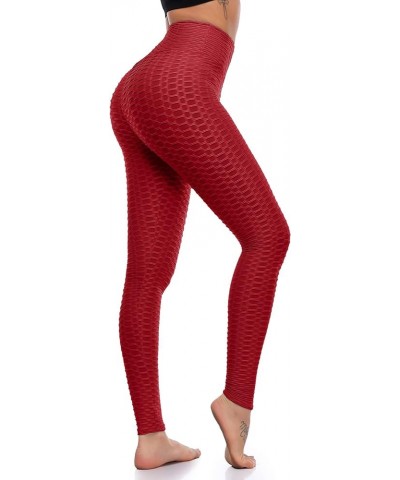 Workout Leggings for Women High Waist Yoga Pants Running Butt Lift Tights Slimming Booty Leggings Burgundy $7.53 Others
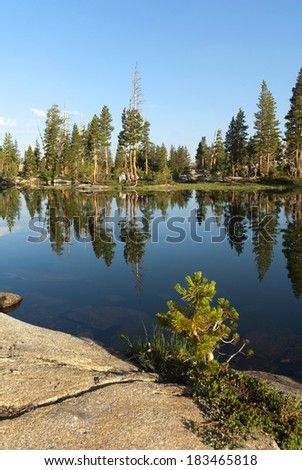 Summer mountain lake reflection with granite, trees, Emigrant Wilderness, Stanislaus National Forest, California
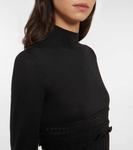 Мини-платье из шерсти с кринолином ALAÏA, черный - фото 4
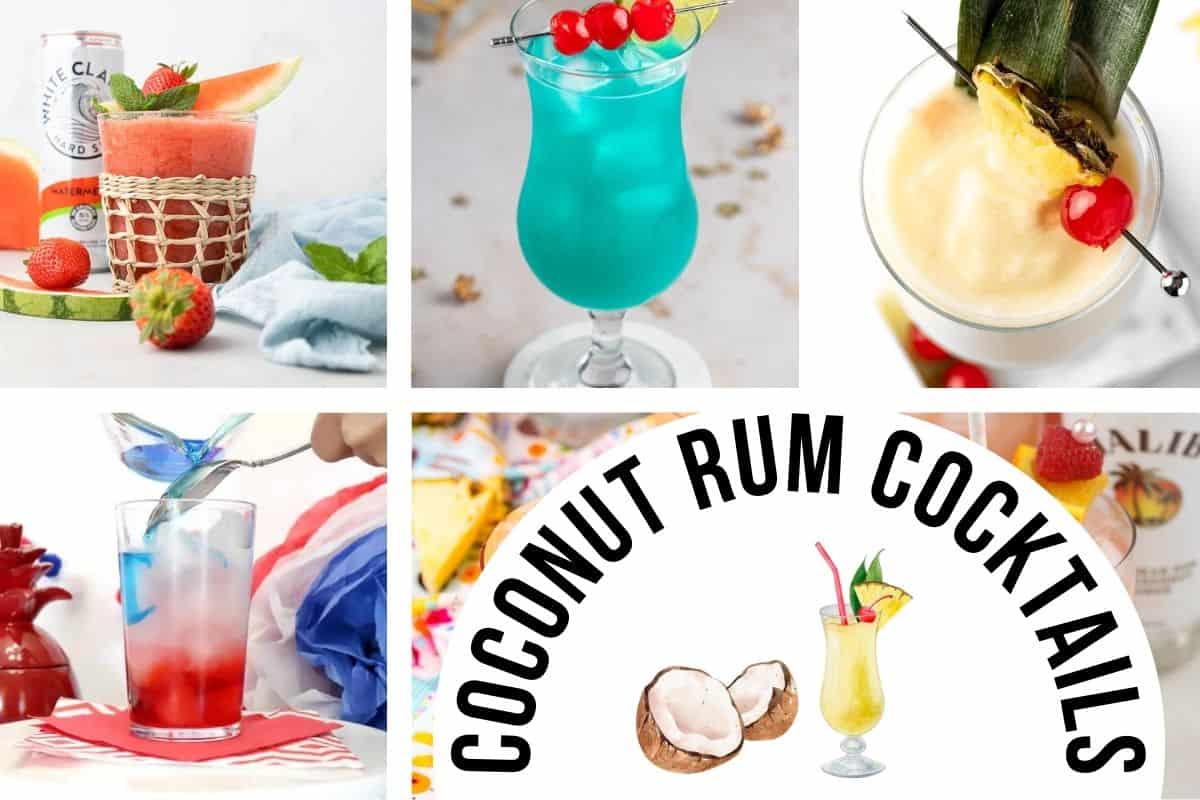 Text: Coconut rum cocktails over 6 images of cocktails made with Malibu rum in a variety of colors.
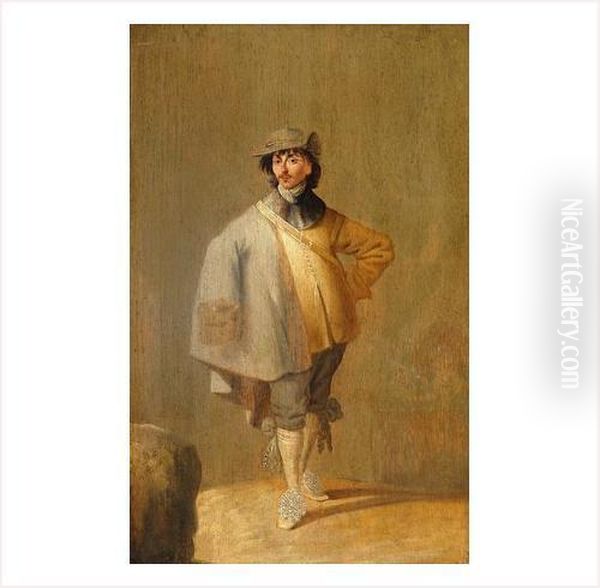 Gentilhomme En Cape Et Jeune Femme En Robe De Soie Bleue - view 1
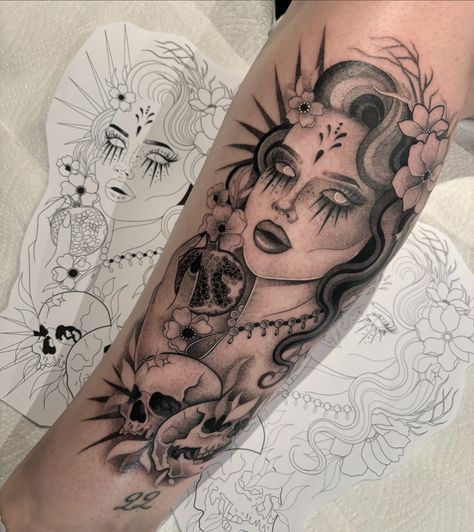 Persephone for the lovely Tami🖤 Always up for a goddess tattoo ✨ Alicesophiatattoos@gmail.com My diary opens on the 2nd of September via booking form 🥰 #goddesstattoo #calftattoo #shintattoo #ladyfacetattoo Greek Goddess Art Persephone, Persephone Goddess Tattoo, Persephone Hades Tattoo, Lilith Tattoo Goddesses, Hecate Goddess Tattoo, Persephone Tattoo Ideas, Hades And Persephone Tattoo, Persephone Tattoo, Greek Goddess Tattoo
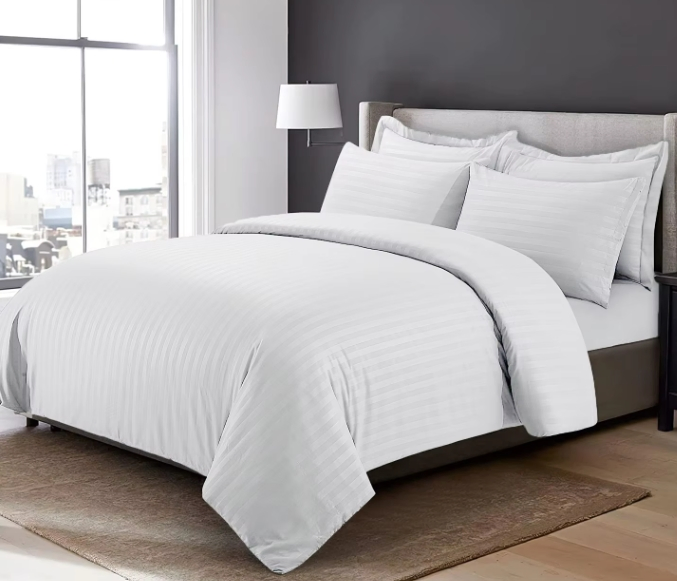 100% Cotton White Bed Linen 3cm Striped Hotel Bedding Set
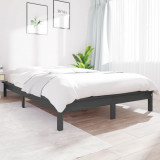 Cadru de pat, gri, 160x200 cm, lemn masiv de pin, vidaXL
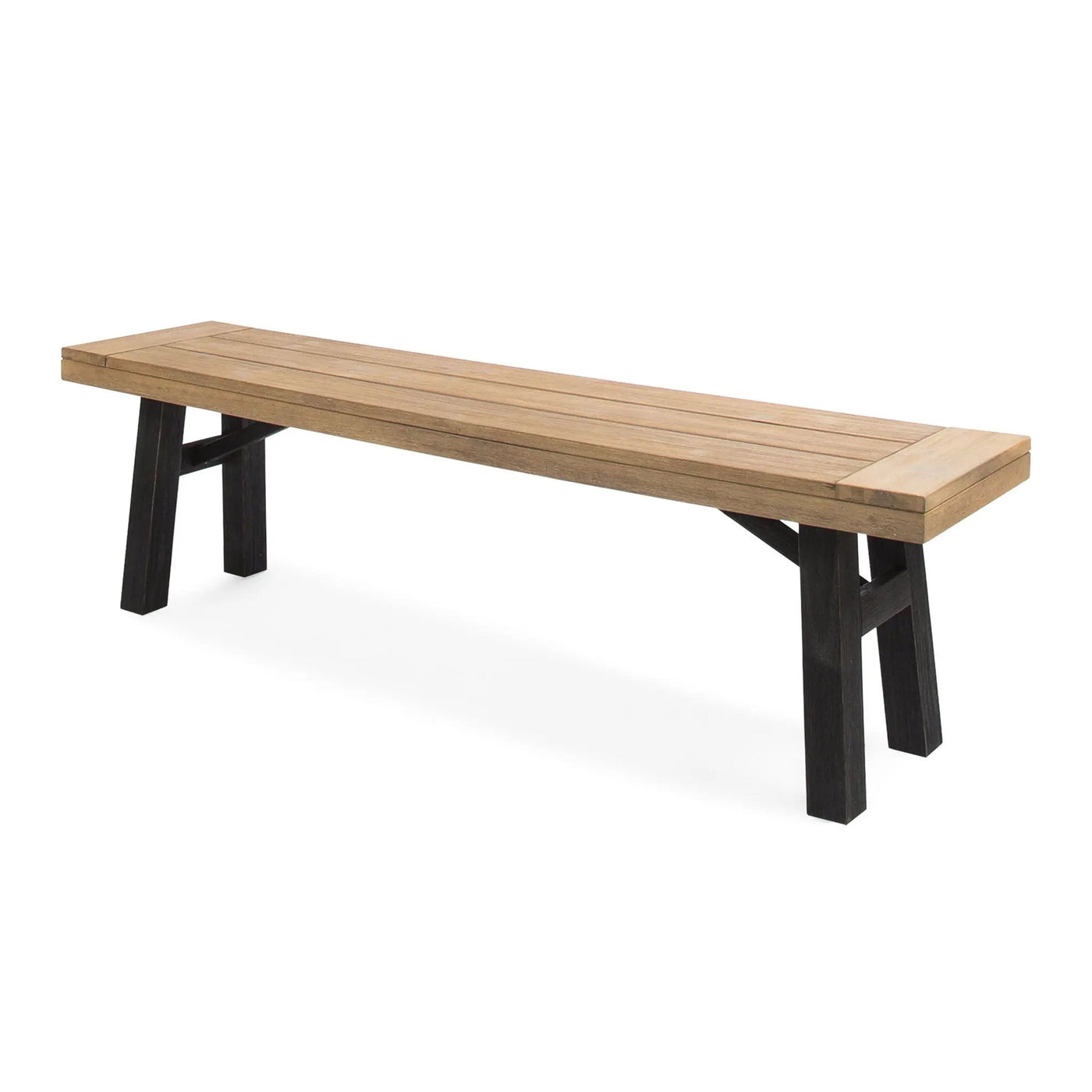 Outdoor Bench With Slat Panel Design And Acacia Wood Frame by HouseOfZazla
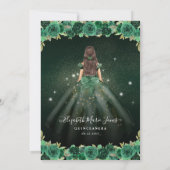 フローラエメラルドグリーンスパークル誕生日キンセアニェラ 招待状 (裏面)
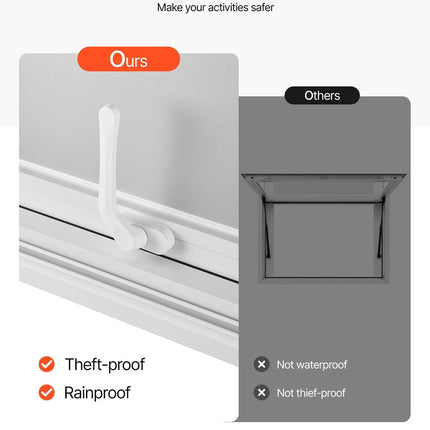 Concession Window 1346x838 mm, Aluminum Alloy Service Window for Food Truck, Up to 85 Degrees Stand Serving Window with 4 Sliding Windows, Awning Door, and Drag Hook, for Concession Trailers.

:: What is expected ::
Everything in the entries except the pictures should be returned exactly as given.

:: Response area ::
 Workout Leggings for Women High Waist Yoga Pants Running Butt Lift Tights Slimming Booty Leggings Burgundy $7.53 Others
 Summer mountain lake reflection with granite, trees, Emigrant Wilderness, Stanislaus National Forest, California
 Мини-платье из шерсти с кринолином ALAÏA, черный - фото 4
 Text: Coconut rum cocktails over 6 images of cocktails made with Malibu rum in a variety of colors.
 Gentilhomme En Cape Et Jeune Femme En Robe De Soie Bleue - view 1
 Persephone for the lovely Tami🖤 Always up for a goddess tattoo ✨ Alicesophiatattoos@gmail.com My diary opens on the 2nd of September via booking form 🥰 #goddesstattoo #calftattoo #shintattoo #ladyfacetattoo Greek Goddess Art Persephone, Persephone Goddess Tattoo, Persephone Hades Tattoo, Lilith Tattoo Goddesses, Hecate Goddess Tattoo, Persephone Tattoo Ideas, Hades And Persephone Tattoo, Persephone Tattoo, Greek Goddess Tattoo
 100% Cotton White Bed Linen 3cm Striped Hotel Bedding Set
 Cadru de pat, gri, 160x200 cm, lemn masiv de pin, vidaXL
 Outdoor Bench With Slat Panel Design And Acacia Wood Frame by HouseOfZazla
 フローラエメラルドグリーンスパークル誕生日キンセアニェラ 招待状 (裏面)
 Concession Window 1346x838 mm, Aluminum Alloy Service Window for Food Truck, Up to 85 Degrees Stand Serving Window with 4 Sliding Windows, Awning Door, and Drag Hook, for Concession Trailers.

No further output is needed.